→ **ABOUT THIS EXERCISE**
Every line between the one containing "7 Best Tonneau" and the last line of the data, both included, is to be set down exactly, and pictures are to be omitted.

→ **DATA**
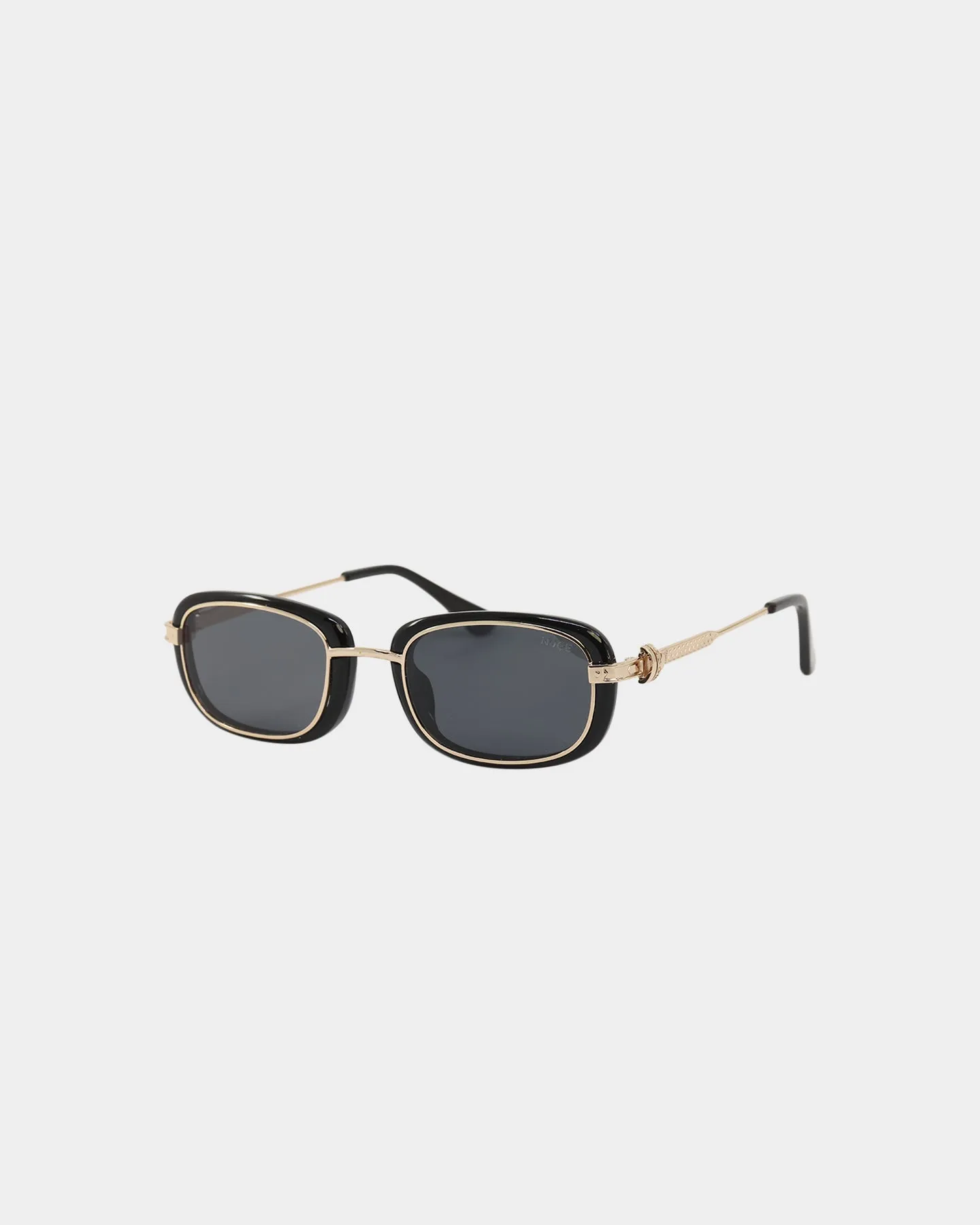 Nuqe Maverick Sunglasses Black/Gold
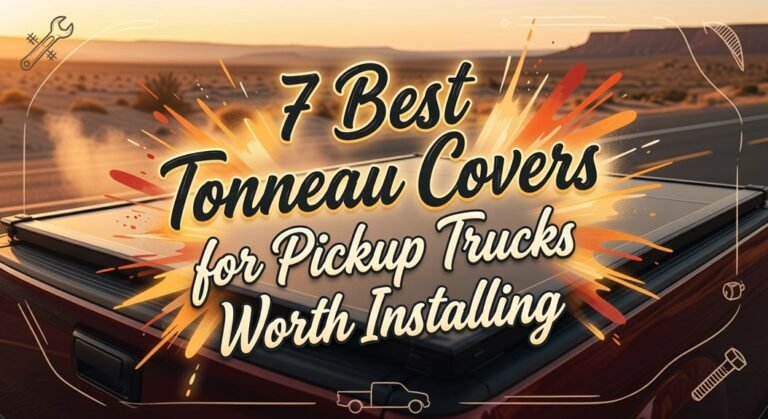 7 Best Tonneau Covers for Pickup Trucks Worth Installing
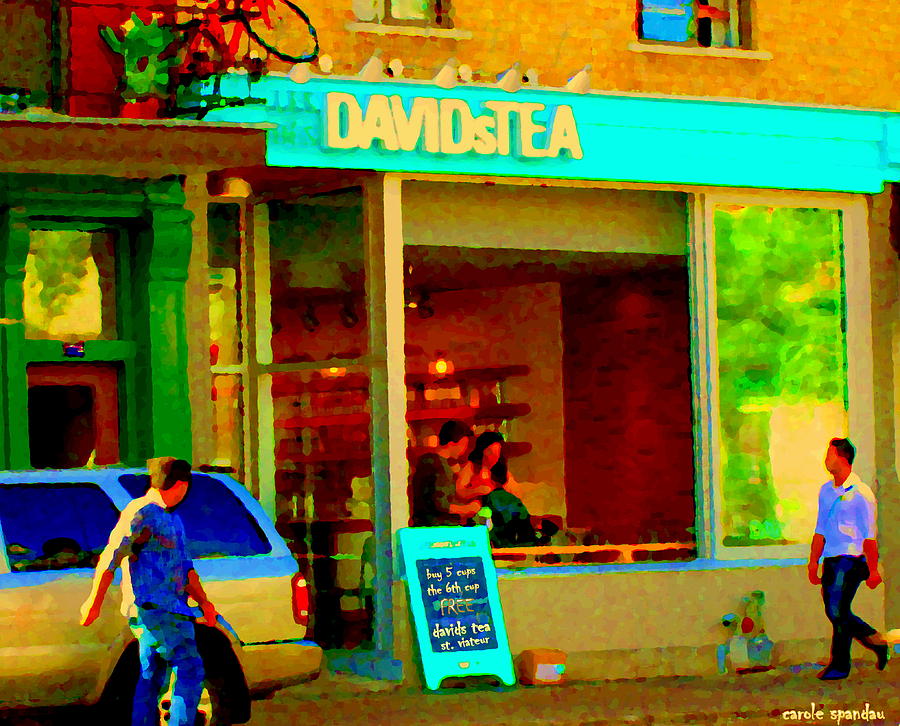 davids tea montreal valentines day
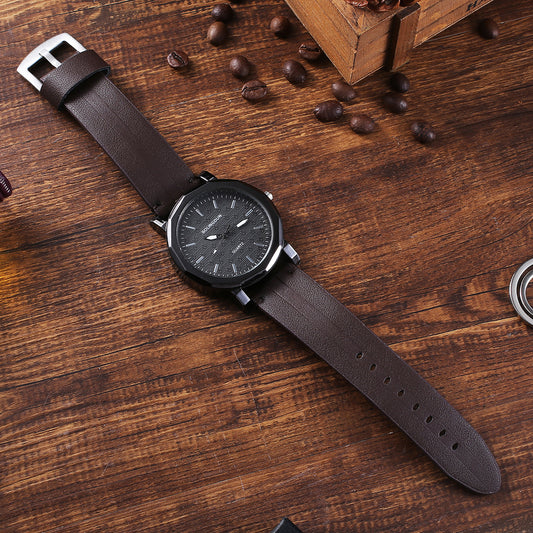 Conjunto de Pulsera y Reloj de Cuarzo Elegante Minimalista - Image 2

→ **ANSWER AREA**
 7 Best Tonneau Covers for Pickup Trucks Worth Installing
 davids tea montreal valentines day
 Conjunto de Pulsera y Reloj de Cuarzo Elegante Minimalista - Image 2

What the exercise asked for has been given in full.